◆ EXCERPTED DATA ◆
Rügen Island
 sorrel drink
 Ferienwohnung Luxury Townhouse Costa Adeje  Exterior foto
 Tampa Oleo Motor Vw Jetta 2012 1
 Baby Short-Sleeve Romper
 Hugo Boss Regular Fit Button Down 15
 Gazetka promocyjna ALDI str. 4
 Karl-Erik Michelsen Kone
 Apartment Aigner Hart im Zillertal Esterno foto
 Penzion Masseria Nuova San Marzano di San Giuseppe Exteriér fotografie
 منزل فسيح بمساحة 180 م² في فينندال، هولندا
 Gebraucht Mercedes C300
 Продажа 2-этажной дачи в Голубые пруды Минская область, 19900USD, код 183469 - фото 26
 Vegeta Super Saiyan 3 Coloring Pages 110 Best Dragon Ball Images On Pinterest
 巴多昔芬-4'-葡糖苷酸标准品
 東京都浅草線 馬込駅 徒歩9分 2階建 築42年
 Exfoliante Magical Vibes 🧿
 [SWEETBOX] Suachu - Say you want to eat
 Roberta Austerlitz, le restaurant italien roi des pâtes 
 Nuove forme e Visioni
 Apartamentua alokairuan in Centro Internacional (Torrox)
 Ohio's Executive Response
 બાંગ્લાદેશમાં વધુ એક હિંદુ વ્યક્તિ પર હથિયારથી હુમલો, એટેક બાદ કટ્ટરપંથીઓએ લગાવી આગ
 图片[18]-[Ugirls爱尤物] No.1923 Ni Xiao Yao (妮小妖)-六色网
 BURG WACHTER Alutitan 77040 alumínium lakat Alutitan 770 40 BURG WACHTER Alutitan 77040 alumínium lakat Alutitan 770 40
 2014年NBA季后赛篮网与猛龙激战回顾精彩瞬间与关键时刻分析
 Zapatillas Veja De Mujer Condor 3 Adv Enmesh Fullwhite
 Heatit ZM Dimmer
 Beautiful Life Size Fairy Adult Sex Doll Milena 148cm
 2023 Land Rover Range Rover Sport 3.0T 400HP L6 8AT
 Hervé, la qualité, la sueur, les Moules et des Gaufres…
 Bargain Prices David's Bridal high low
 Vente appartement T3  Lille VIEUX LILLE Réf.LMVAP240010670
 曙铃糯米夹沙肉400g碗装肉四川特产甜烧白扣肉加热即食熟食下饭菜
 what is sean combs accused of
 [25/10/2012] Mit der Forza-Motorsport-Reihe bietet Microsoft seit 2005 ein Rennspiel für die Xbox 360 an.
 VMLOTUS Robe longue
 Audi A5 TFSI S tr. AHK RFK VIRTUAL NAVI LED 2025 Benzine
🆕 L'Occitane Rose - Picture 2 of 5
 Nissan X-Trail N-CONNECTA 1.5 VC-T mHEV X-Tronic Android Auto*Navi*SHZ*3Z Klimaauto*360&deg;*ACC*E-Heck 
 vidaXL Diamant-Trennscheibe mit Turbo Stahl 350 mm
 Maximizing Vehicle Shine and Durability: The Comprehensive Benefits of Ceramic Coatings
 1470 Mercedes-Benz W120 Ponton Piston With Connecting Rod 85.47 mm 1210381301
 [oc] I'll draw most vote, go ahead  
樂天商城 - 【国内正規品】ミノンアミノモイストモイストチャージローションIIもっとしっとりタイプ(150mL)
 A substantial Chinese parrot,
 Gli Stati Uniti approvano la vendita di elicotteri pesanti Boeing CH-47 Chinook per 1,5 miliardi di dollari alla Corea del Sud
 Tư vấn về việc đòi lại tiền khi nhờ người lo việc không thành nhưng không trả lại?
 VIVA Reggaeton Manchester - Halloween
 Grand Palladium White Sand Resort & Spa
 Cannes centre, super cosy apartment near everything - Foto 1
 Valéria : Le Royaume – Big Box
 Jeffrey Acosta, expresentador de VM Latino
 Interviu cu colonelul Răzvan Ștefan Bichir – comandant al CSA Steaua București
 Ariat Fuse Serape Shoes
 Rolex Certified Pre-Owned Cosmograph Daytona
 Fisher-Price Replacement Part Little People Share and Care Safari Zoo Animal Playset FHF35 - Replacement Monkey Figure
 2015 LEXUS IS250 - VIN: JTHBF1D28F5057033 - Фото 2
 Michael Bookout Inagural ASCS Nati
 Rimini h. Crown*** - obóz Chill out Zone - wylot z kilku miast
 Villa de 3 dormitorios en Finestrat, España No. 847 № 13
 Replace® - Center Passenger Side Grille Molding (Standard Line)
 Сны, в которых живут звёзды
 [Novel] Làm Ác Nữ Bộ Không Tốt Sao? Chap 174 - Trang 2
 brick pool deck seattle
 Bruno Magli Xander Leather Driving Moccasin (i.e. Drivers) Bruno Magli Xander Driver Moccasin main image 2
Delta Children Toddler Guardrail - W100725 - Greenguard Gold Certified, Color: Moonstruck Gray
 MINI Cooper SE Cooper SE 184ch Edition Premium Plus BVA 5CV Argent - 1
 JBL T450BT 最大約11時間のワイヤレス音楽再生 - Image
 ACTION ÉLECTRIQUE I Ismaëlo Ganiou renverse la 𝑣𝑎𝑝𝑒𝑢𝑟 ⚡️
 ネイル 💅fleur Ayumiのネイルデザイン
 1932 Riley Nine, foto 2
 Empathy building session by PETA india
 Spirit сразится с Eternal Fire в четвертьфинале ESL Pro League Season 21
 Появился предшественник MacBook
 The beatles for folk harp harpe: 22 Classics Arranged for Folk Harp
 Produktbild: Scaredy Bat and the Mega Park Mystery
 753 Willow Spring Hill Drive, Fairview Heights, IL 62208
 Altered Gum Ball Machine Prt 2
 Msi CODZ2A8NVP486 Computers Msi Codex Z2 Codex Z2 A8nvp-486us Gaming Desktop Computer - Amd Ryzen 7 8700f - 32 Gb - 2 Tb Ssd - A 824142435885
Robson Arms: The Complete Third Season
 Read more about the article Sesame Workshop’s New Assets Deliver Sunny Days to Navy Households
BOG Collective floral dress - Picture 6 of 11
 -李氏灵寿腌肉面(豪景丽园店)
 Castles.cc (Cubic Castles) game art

◆ WHAT IS REQUIRED ◆
Copy out the lines above with "Mercedes" in them.

◆ OUTPUT FOR THIS EXERCISE ◆
 Gebraucht Mercedes C300
 1470 Mercedes-Benz W120 Ponton Piston With Connecting Rod 85.47 mm 1210381301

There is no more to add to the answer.